А жители этой новой планеты продолжали объяснять ему, словно школьнику, что прекрасное живёт в людях и не покидает их даже тогда, когда они его гонят. И чем его больше, тем прекраснее. А с ядом совсем по-другому обстоят дела – он губит даже тех, кто к нему не прикасается. И потому на планете Подснежник его стережёт самый благородный, самый честный из них. И они все добровольно подчиняются избраннику. Вот какого совершенства они достигли! Этим ядом он может всех отравить, но никому не угрожает.

– Каждый ищет повод, чтобы подчинить себе другого, а вы радуетесь, тому, что подчиняетесь сами. Какая ужасная отсталость! – воскликнул сэр Арнольдо Барнольдо.

– Того, кто потеряет способность подчиняться, мы начинаем лечить, как самого тяжелобольного. Если вы создали нечто ещё более совершенное, мы станем подчиняться вам и будем только благодарны за это.

Владелец острова желал только одного: чтобы его поскорее приняли к себе, но представители планеты Подснежник не спешили с ответом. Они всё взвешивали, раздумывали и в конце концов спросили сэра Арнольда Барнольда, чему же подчиняется он.

– Силе и богатству.

– И у нас было так же, но очень давно.

– Я не могу принять ваши законы.

Жители Подснежника объяснили ему, что богатство так же, как молодость и физическая сила – явление преходящее.

– Ничто не вечно, – прервал их господин океанского острова.

– Да, это так, но в этом преходящем существует красота, та, которая не стареет и возможности её совершенствования безграничны.
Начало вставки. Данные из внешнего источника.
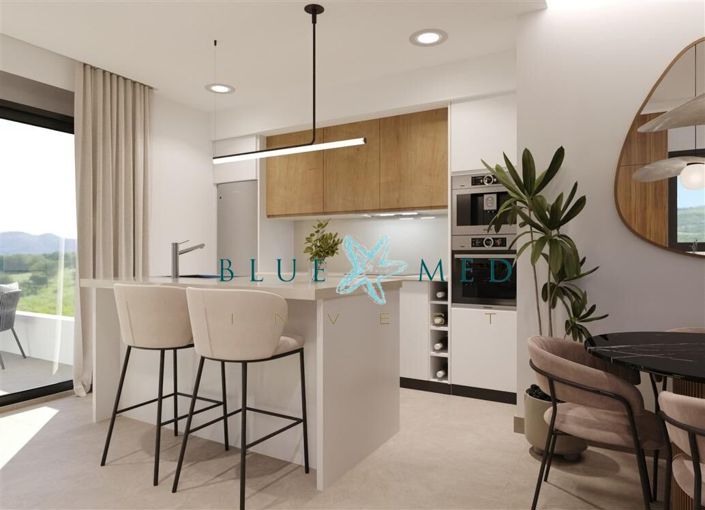 Image No.10-Appartement de 2 chambres à vendre à Hacienda del Alamo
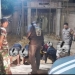polisi mengamankan remaja tawuran di pati pada malam hari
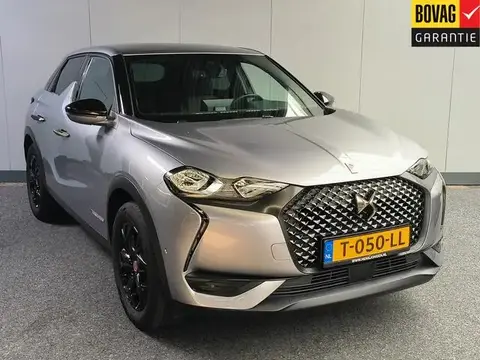 Annonce DS AUTOMOBILES DS3 CROSSBACK Essence 2022 d'occasion 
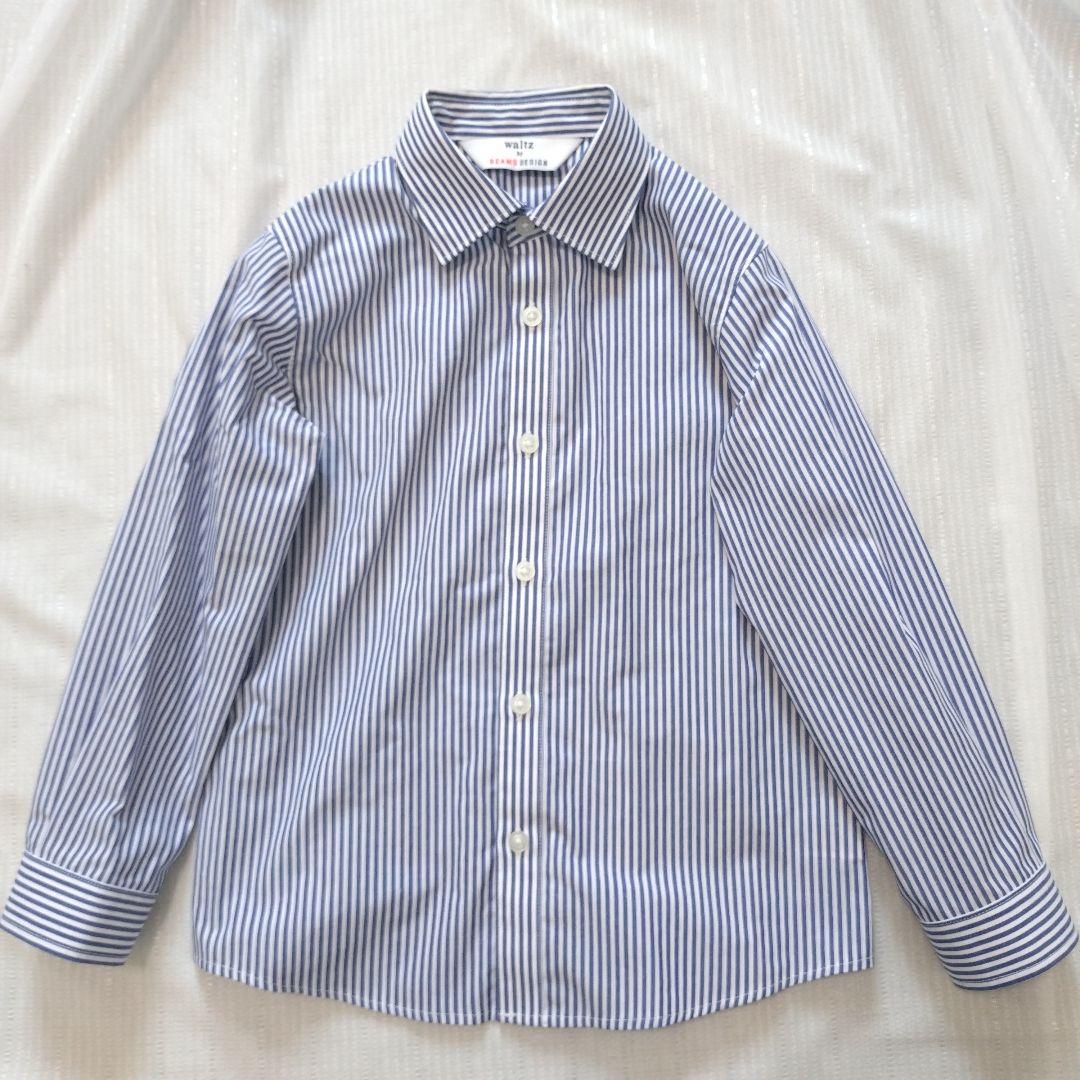 waltz by BEAMSDESIGN卒園式入学式フォーマルスーツ男の子120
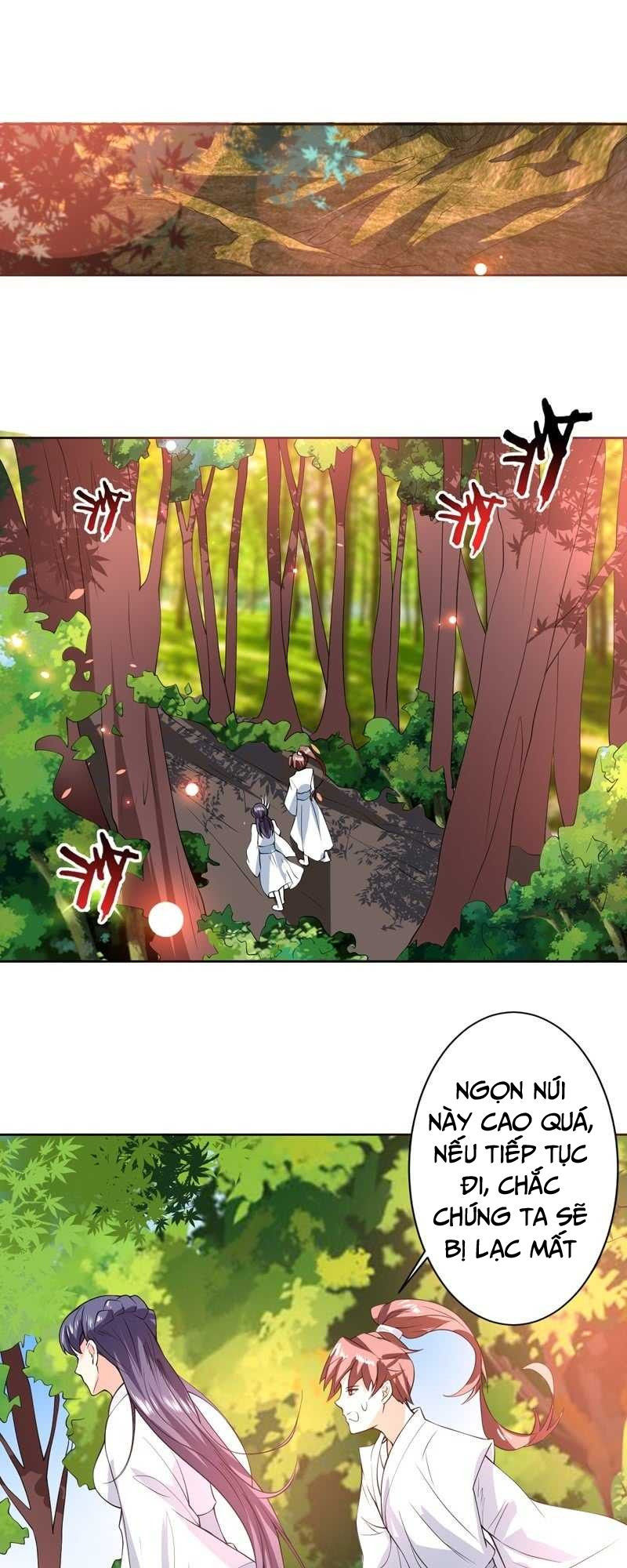 tối cường thần thú hệ thống chapter 88 1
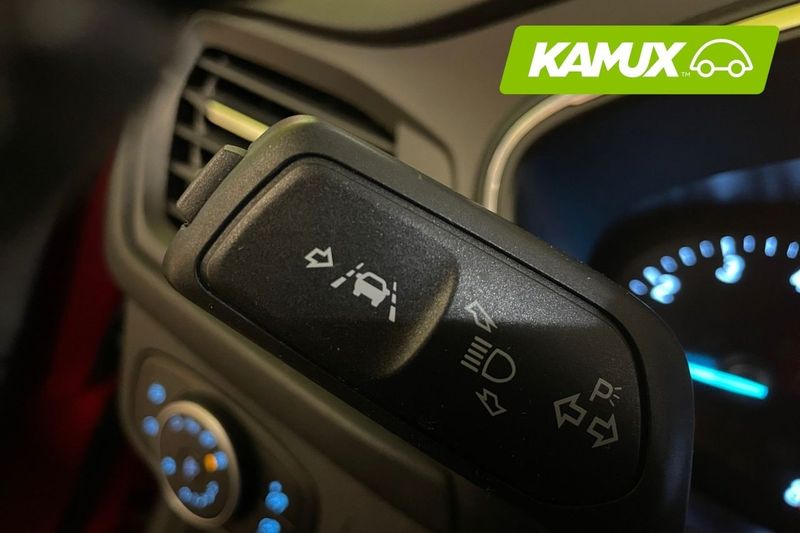 Ford Focus bild 22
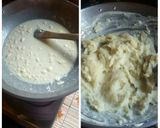 Foto langkah ke 1 dari resep Pempek Belah.
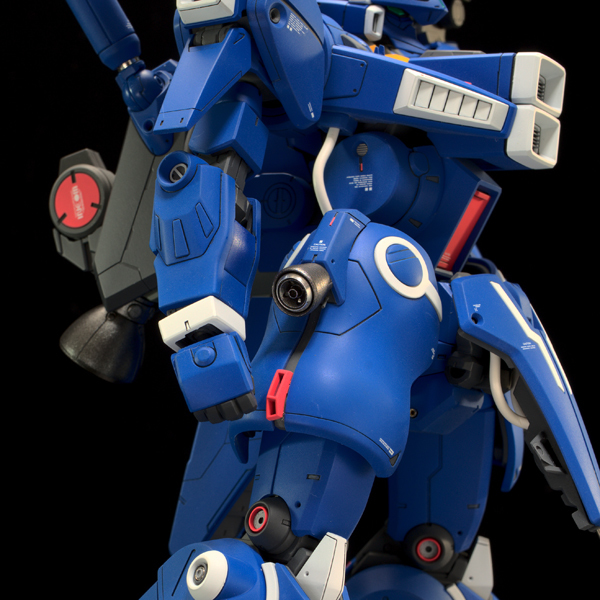 Mg ガンダムmk V 改修塗装済完成品 完成品 売買されたオークション情報 Yahooの商品情報をアーカイブ公開 オークファン Aucfan Com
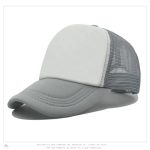 Custom Trucker Hats with High Quality Embroidery Screen Printing Logo Plain Foam Caps - Image 27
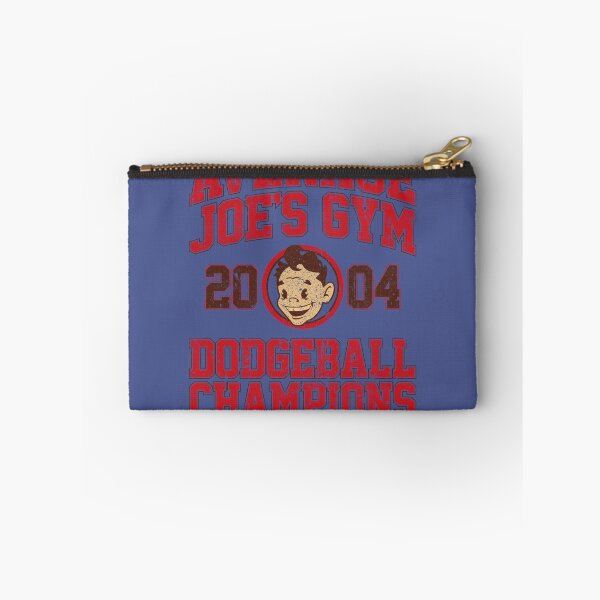 Item preview, Average Joe's Gym 2004 Dodgeball Champion (Variant) designed and sold by BettinaStark.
За чудесными изобретениями, за мудростью, поэзией и песней стоит красота переживания, благородных поступков и отношений, самопожертвования.

– В чём же она? – спросил сэр Арнольдо Барнольдо.
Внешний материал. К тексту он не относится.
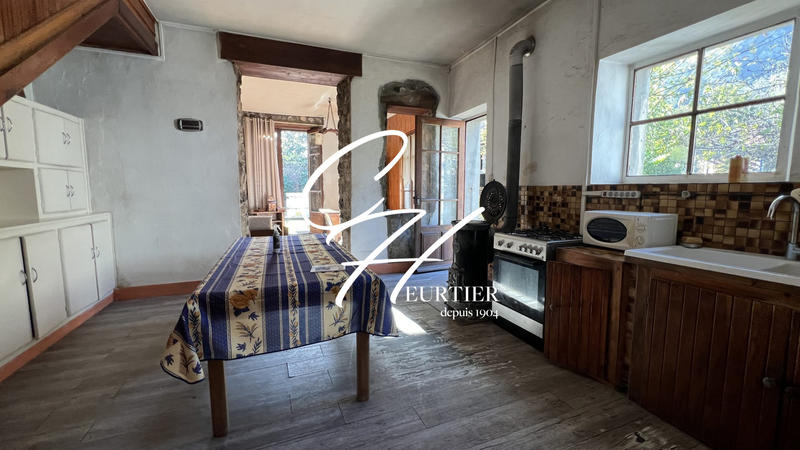 Maison - 118 m² - 6 pièces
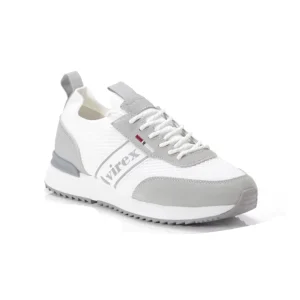 SNEAKER ALLACCIATA CADDY AVIREX UOMO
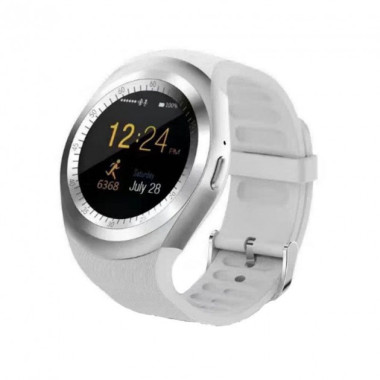 Смарт-часы Smart Watch Y1 Silver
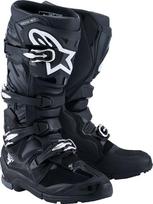 Moto Batai TECH 7 ENDURO BLK/ANTH/WH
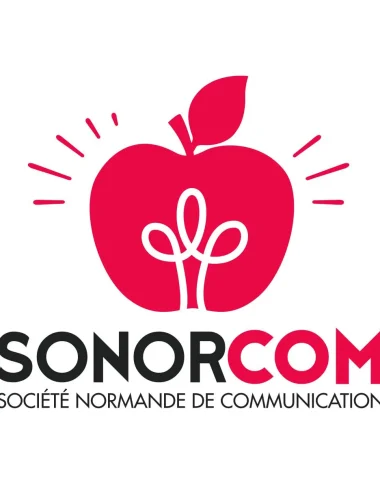 Sonorcom - logo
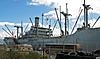 SS Red Oak Victory (victory ship)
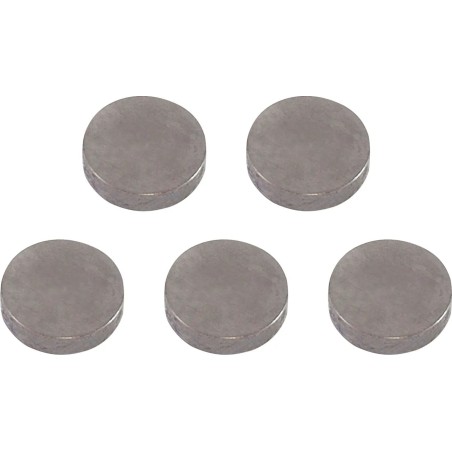 Replacement Valve Shims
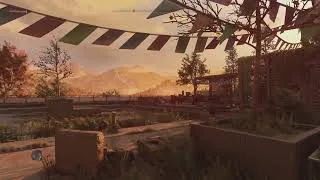 Thumbnail: 🎵 Ambient Music(Dying Light 2)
– В том, чтобы заботиться о других так, как заботишься о самом себе. Для нас это самое простое и самое большое достижение. Совершенное во имя добра других людей – есть самое прекрасное.
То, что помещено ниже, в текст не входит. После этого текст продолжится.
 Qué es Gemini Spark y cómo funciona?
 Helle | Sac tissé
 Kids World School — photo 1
– Нет, я не могу принять ваши законы. Я привык к тому, чтобы мне служили другие, а не я служил им.

– Мы ничего не предлагаем насильно. Всё постигается в процессе развития. А развитие, даже самое быстрое, требует времени… Мы принимаем вас, но с одним условием: вы будете соблюдать наши законы.

– Не хочу, – почти что сокрушённо произнёс владелец океанского острова. – Я признаю совсем другое: богатство и силу. Я говорю, сколько имею денег, и вы тоже говорите, сколько их у вас. И тот, у кого их оказывается больше, – тот и богаче, и сильнее. Это всё равно как когда двое борются, и тот, кто побеждает, и есть более сильный.

– Соизмерима только внешняя сторона явлений, внутренняя много сложнее. Она не видна, она лишь ощущается. Ею мы измеряем наше богатство.

– Нет, нет. Так мы не сможем договориться, – упорствовал сэр Арнольдо Барнольдо.

– Как хотите, – ответили посланники с Подснежника. – Поищите тогда другие планеты. Но мы должны предупредить вас: по мере удаления от центра живого пояса вселенной вы будете встречать миры всё более сварливые, несговорчивые.

– Как это понять?

– Они уже не верят слову.

– Мне и нужны как раз такие планеты: такие, где признают не слова, а то, что материально, – обрадовался сэр Арнольдо Барнольдо.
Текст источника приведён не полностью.